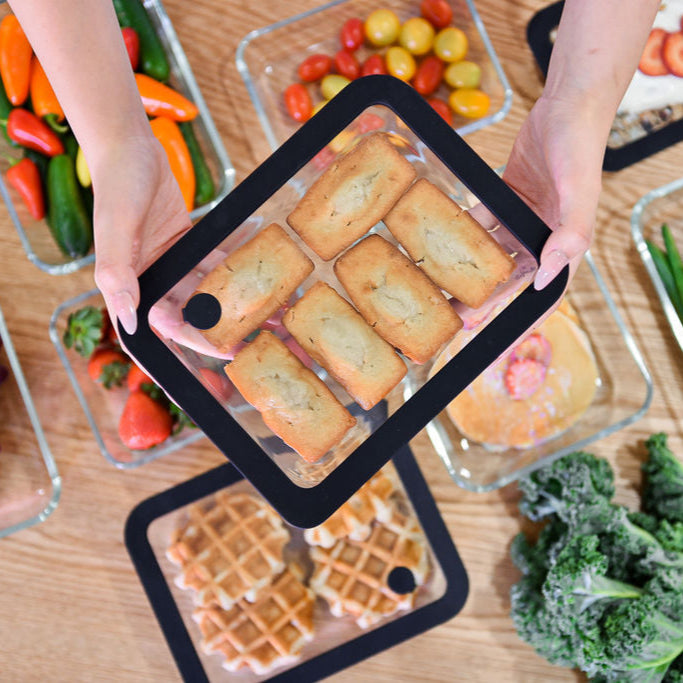 Meal Prep Glass Food Container - 8 Set Rectangle - Black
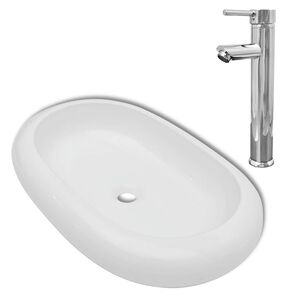 vidaXL Baderomsvask med kran keramisk oval hvit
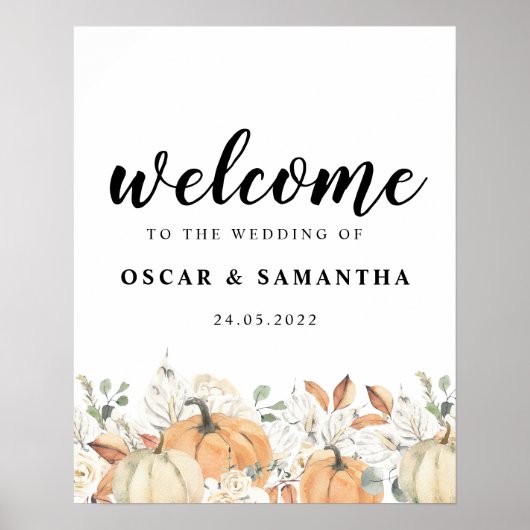 Trendfarbene Blume & Pumpkins Herbst Poster (Vorne)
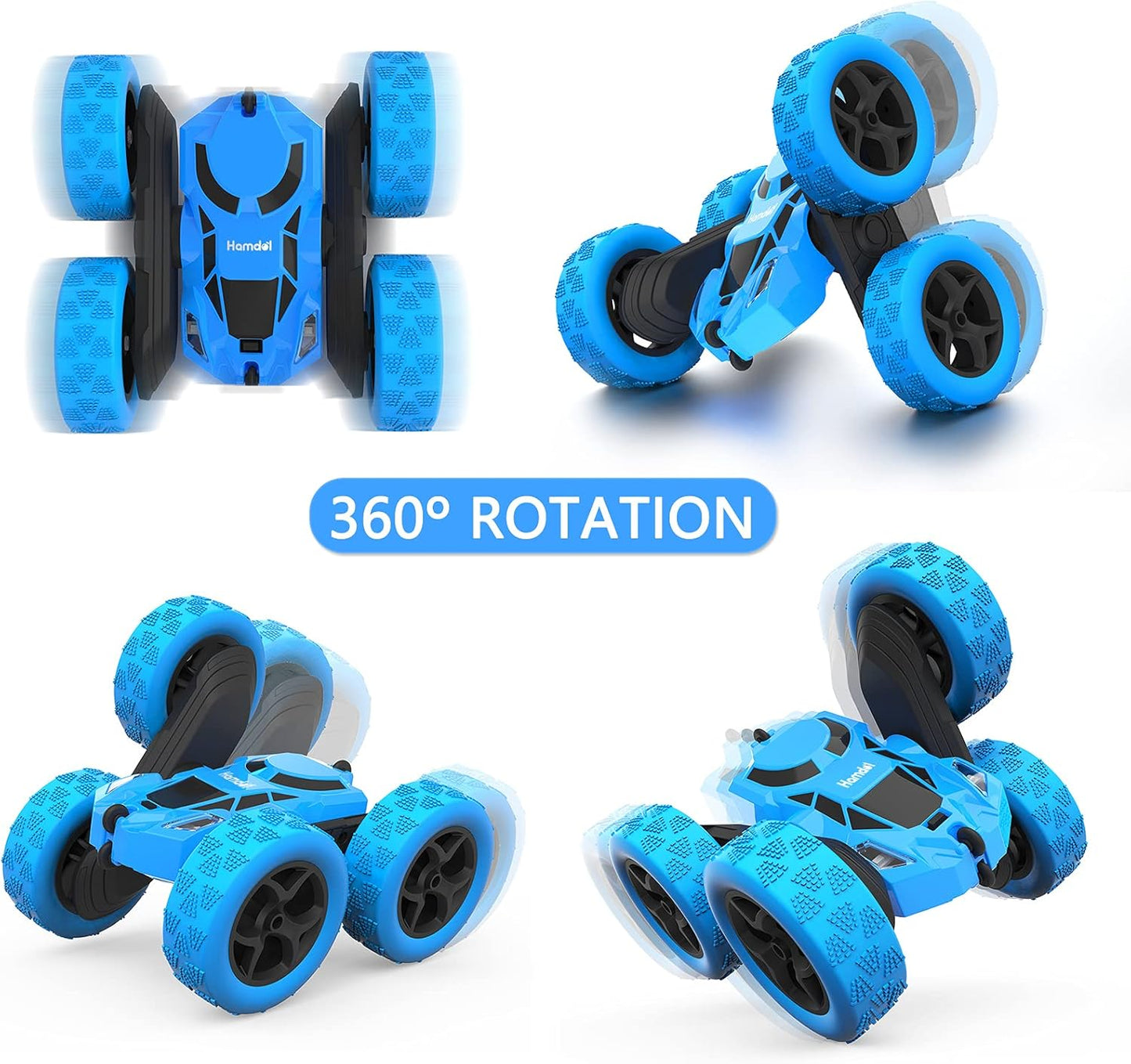 Remote Control Stunt Car for Kids – 360° Rotating 4WD Electric RC Vehicle with LED Lights, Rechargeable 2.4GHz Toy Car for Boys & Girls Ages 6–12 - PuriLite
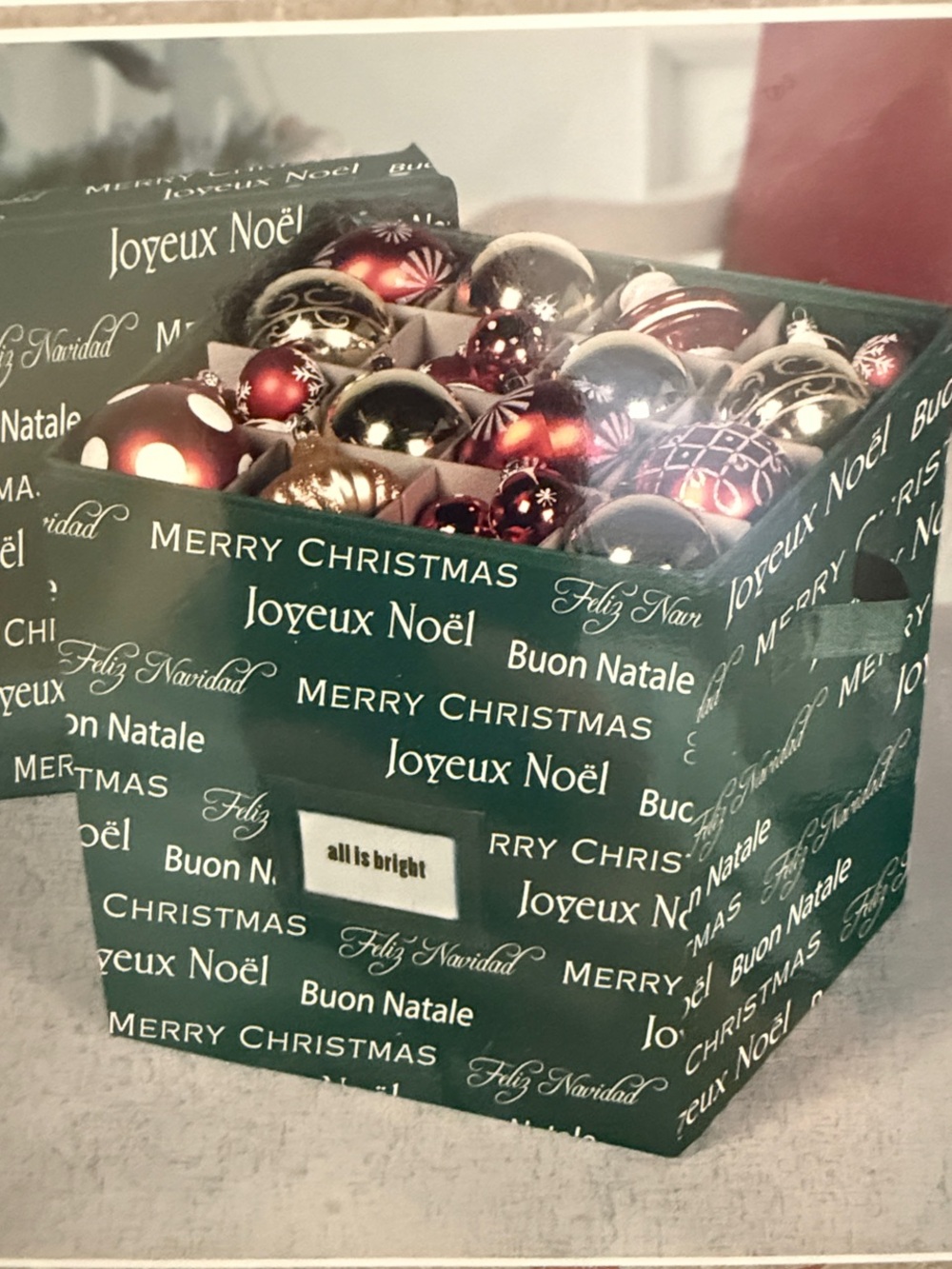Holiday Ornament Storage Box Merry Christmas- Green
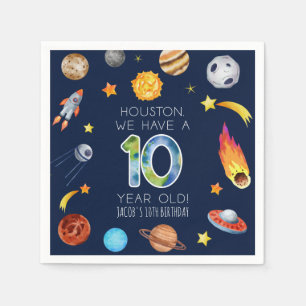 Houston We Have A 10 Jaar Oude 10e Verjaardagsfees Servet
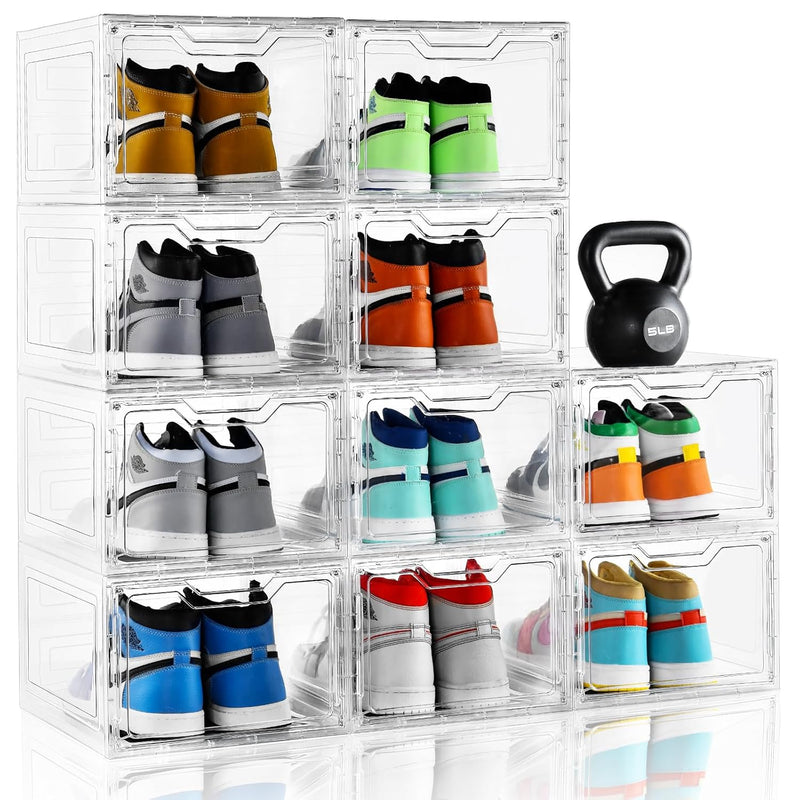 Large Shoe Boxes Clear Plastic Stackable, 10 Pack Drop Front Shoe Storage Boxes
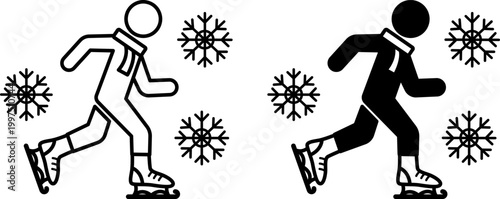Winter Icons. Line and Glyph Vector Icons. Man with a Scarf Ice Skating. Season, Snowflakes. Weather Concept
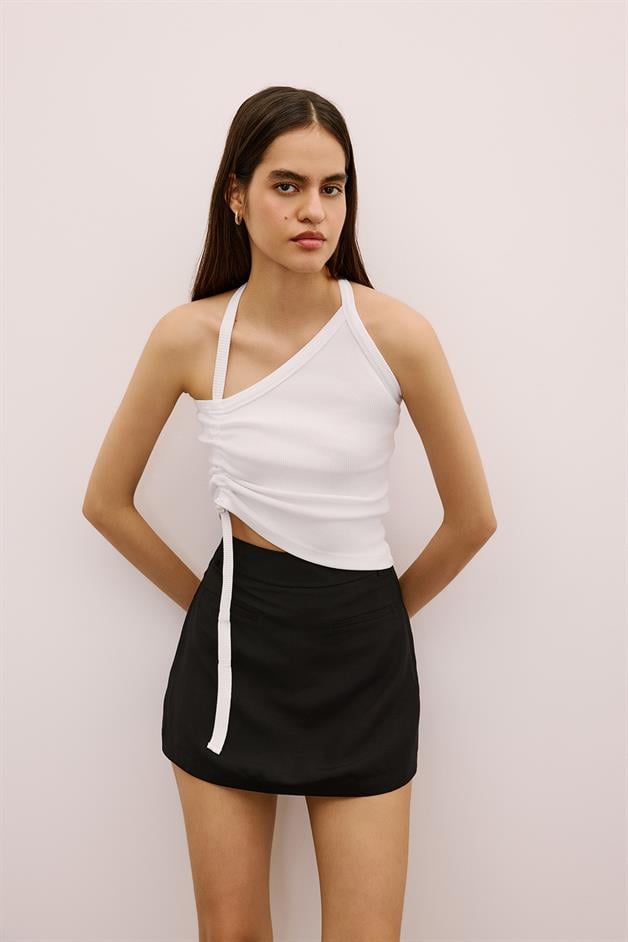 Belted Mini Black Shorts Skirt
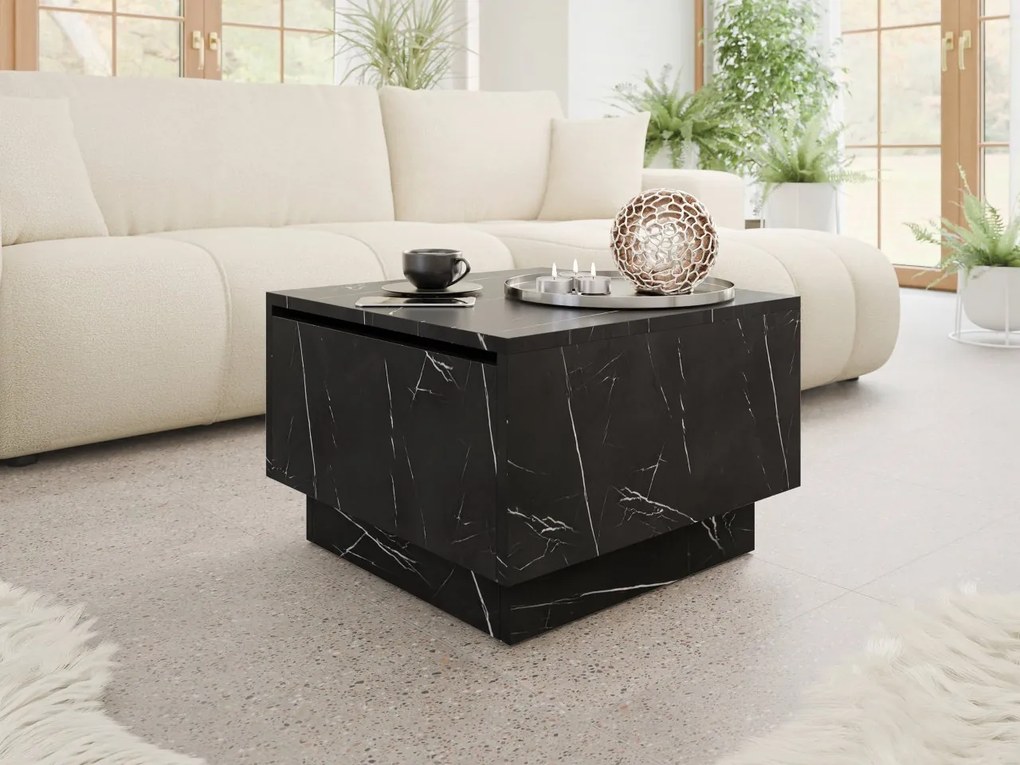 Konferenčný stolík s úložným priestorom Naeska 60 x 60, Farby: biely mramor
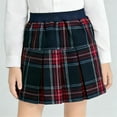thumbnail image 1 of Spazoro Girls Plaid Pleated Skirt, Durable A-Line Casual Elastic Waist Mini Skirt for School Wear Navy Size 5-6, 1 of 6
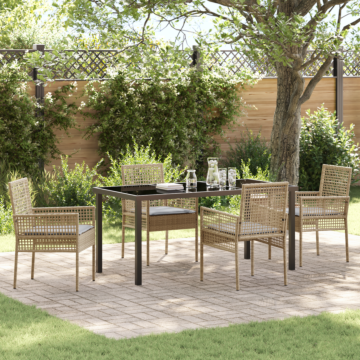 Vidaxl 5 Piece Garden Dining Set With Cushions Beige Poly Rattan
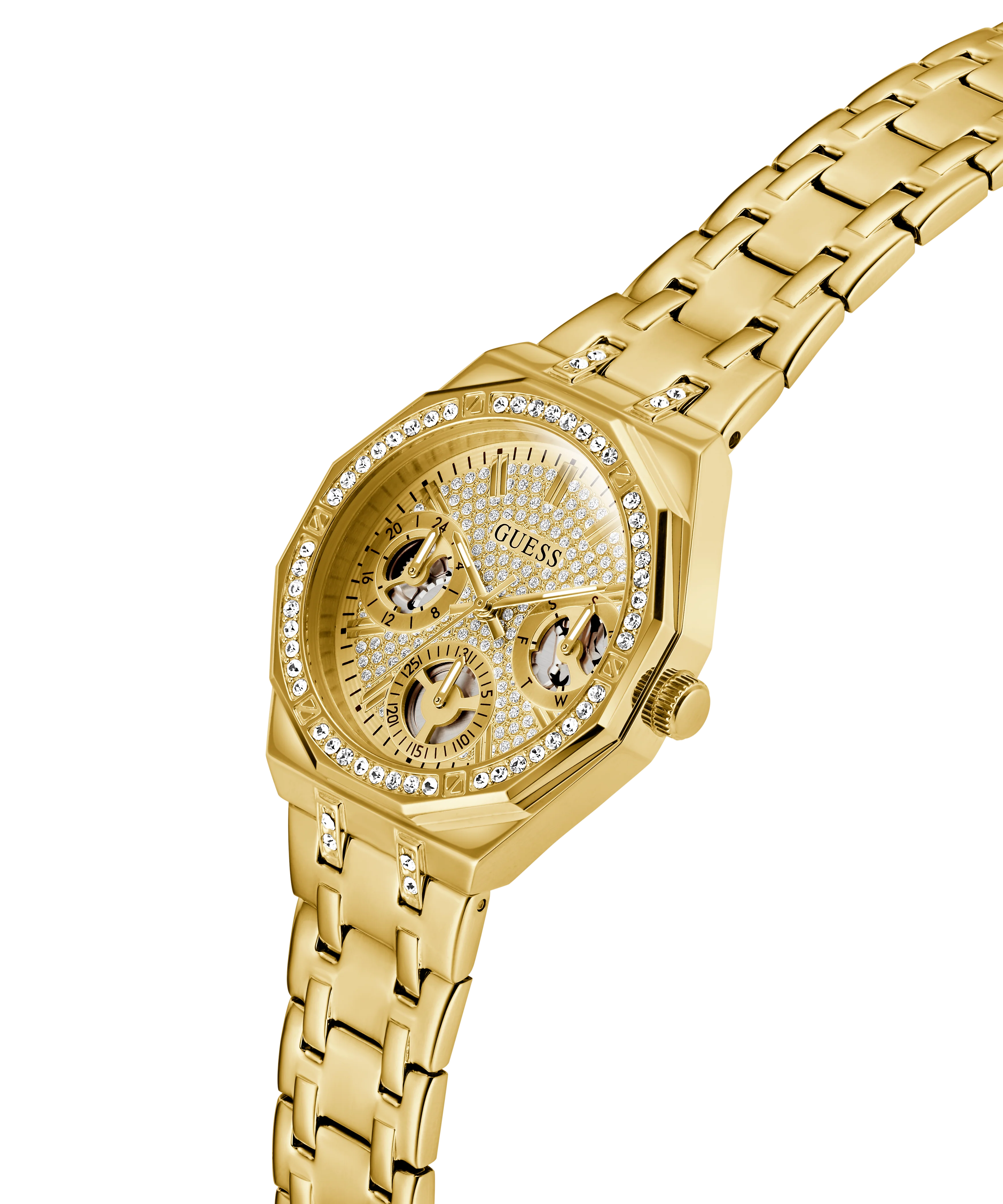 GUESS Ladies Gold Tone Multi-function Watch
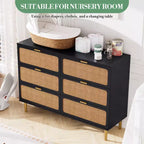 Commode 6 tiroirs en rotin noir/blanc – Utilisateur unique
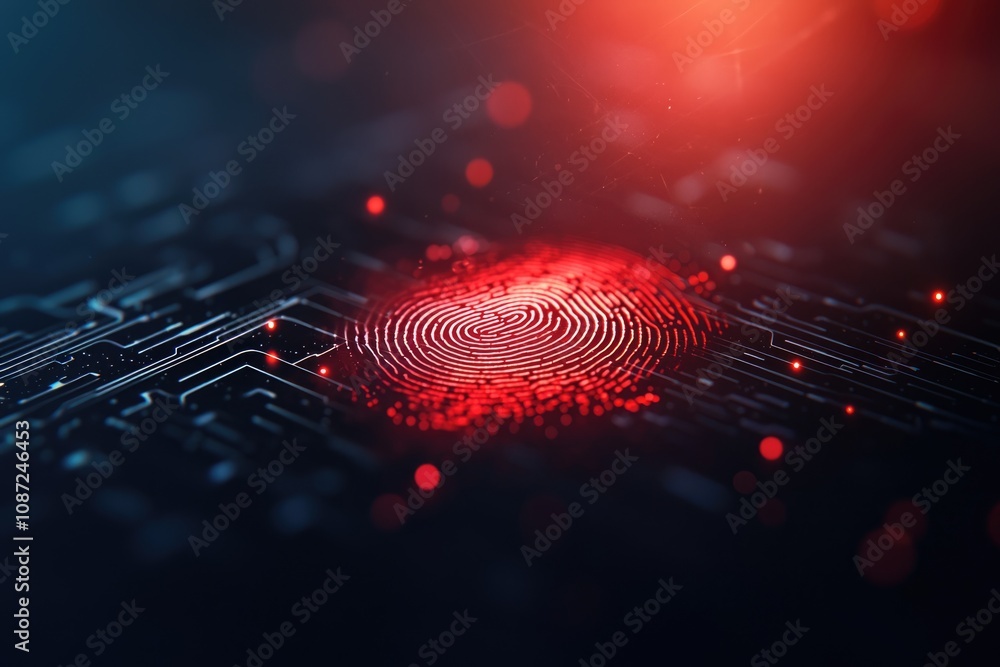 Poster kyc and aml. biometric fingerprint scan with aml compliance icon, high-tech display, secure authenti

Assignment: Give the data above back unchanged, except for the pictures.

Expected output:
 Meal Prep Glass Food Container - 8 Set Rectangle - Black
 vidaXL Baderomsvask med kran keramisk oval hvit
 Trendfarbene Blume & Pumpkins Herbst Poster (Vorne)
 Remote Control Stunt Car for Kids – 360° Rotating 4WD Electric RC Vehicle with LED Lights, Rechargeable 2.4GHz Toy Car for Boys & Girls Ages 6–12 - PuriLite
Holiday Ornament Storage Box Merry Christmas- Green
 Houston We Have A 10 Jaar Oude 10e Verjaardagsfees Servet
 Large Shoe Boxes Clear Plastic Stackable, 10 Pack Drop Front Shoe Storage Boxes
Winter Icons. Line and Glyph Vector Icons. Man with a Scarf Ice Skating. Season, Snowflakes. Weather Concept
 Belted Mini Black Shorts Skirt
 Konferenčný stolík s úložným priestorom Naeska 60 x 60, Farby: biely mramor
thumbnail image 1 of Spazoro Girls Plaid Pleated Skirt, Durable A-Line Casual Elastic Waist Mini Skirt for School Wear Navy Size 5-6, 1 of 6
 Vidaxl 5 Piece Garden Dining Set With Cushions Beige Poly Rattan
 GUESS Ladies Gold Tone Multi-function Watch
 Commode 6 tiroirs en rotin noir/blanc – Utilisateur unique
 Poster kyc and aml. biometric fingerprint scan with aml compliance icon, high-tech display, secure authenti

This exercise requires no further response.